The biggest source of friction in the customer journey is you

Ten years ago Amazon introduced same-day delivery, probably the single most important feature in cementing their dominance of the eCommerce industry. They did this after 10 years of innovating on the online shopper experience – recommended purchases, one-click payments, experiments on how website latency affected conversion rates – and they understood that the biggest source of friction in their buyer experience was waiting for your package to arrive.

We all have an idea in our head about what makes a great customer journey, a great buyer experience. When Francis asked me out of the blue, the first thing that came to mind was my experience buying an engagement ring last year, but I could just as easily point to the experience of creating a new Slack team. They are magical experiences. You never see what’s going on behind the curtain, and you never have any downtime to think about it. Is my package already in Paris? How did Amazon know what I was going to order? Doesn’t matter. It’s already arrived before I can begin to comprehend how they possibly do that at scale.

For SaaS companies today, increasing revenue is often about removing friction. The product team designs and improves features so that customers don’t have time to wonder whether the competition is building a better product. Customer Success is looking at customer health metrics to identify customers before they even think about churning and improve their results.

Marketing & Sales have a plethora of data & engagement tools so that they know everything about who their engaging with from Clearbit-enhanced Drift Bots to segmented Outreach campaigns encouraging prospects to signup for Webinars or jump on a call.

You are the friction.

"You start building this vision of what you want the customer journey to be, but you don't realize how far removed you are from your customer."

So why is it that 90% of SaaS companies take more than five minutes to follow up on a request to schedule a demo?

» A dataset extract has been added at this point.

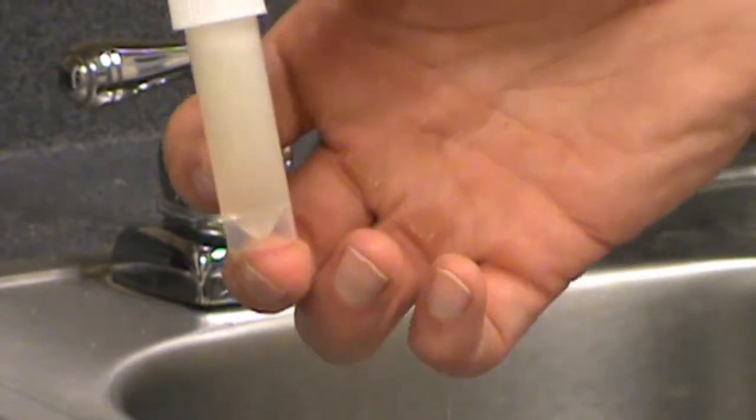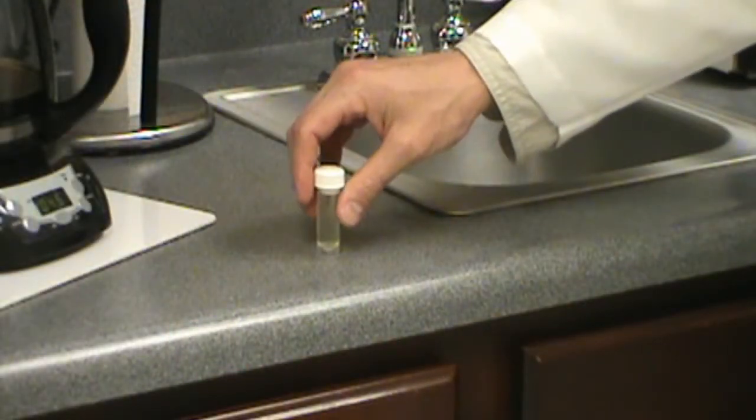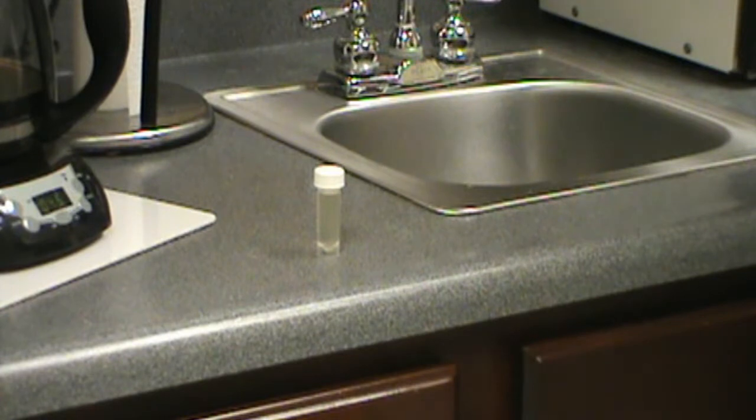The bacteria you're testing for incubates best between 70 degrees and 100 degrees Fahrenheit. If you're in a climate controlled environment, simply place the vial on a countertop in an upright position, out of direct sunlight, and out of the reach of small children.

Francis suggests going through your own customer journey – ideally by signing up with a friend’s email account, especially if your friend is a great fit for your product – to get the full experience. If it’s not the ~48 hours of follow-up time that’ll make you feel the friction, it’s the ~5 days between the demo request and the phone call that’ll make you rethink your process.

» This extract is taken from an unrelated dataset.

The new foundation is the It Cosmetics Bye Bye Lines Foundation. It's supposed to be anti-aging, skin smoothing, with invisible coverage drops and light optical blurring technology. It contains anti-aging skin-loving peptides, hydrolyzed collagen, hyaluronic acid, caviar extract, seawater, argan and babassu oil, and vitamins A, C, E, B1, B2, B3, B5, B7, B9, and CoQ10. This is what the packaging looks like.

What makes it take so long?

  • Lead data enhancement
  • Territories/routing rules
  • SDR first-response latency
  • Email back-and-forth to validate interest and find a time to talk.

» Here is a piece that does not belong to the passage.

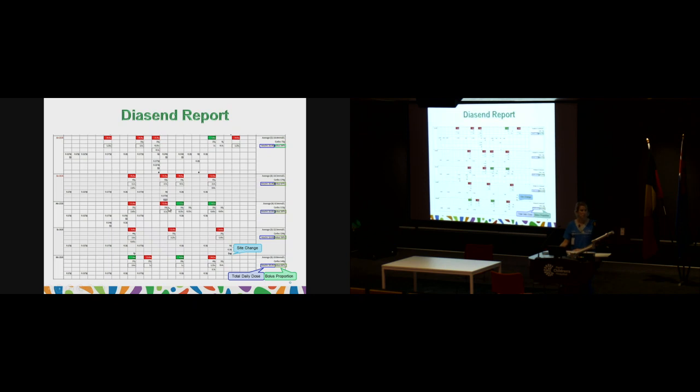In a Diasend report — for patients using the Tandem pump — this is what your report looks like. Down at the bottom it shows where your site has been changed with a little symbol. The total daily dose is shown down the side: each day has a total daily dose, and to work out your average you add all five together and divide by five. That helps us work out how to make adjustments. Next to that it shows your bolus percentage for each of those days as well.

It’s easy to understand each one of those steps – after all, everything above (accept maybe the emails) feel very logical – the only thing that’s missing in the equation is the customer experience. SaaS companies are eager to over-optimize for the sake of being fair, applying rigorous rules to lead assignment, and this often flies in the face of the customer journey.

One of MadKudu’s most popular features, the Fastlane – an enhancement to signup forms that allows highly-qualified leads to skip the form and go straight to a sales rep’s calendar – is often difficult to implement initially because lead routing takes minutes. The customer eats the friction because of operational friction.

Remove friction. Prioritize customers.

It’s easy to remove friction from the customer journey if you prioritize it. Calendly, for example, offers a great Team Scheduling feature that allows prospects to see an aggregate calendar for every potential representative and then choose a time that works for them, instead of displaying the representative’s calendar after they’ve been round-robined with less available time slots. This puts the customer in the priority seat and sacrifices the possibility that Rep’s who have less immediate availability in their calendar might get routed less leads. In fact, that’s not a bad forcing function for making sure SDRs are prioritizing their time correctly.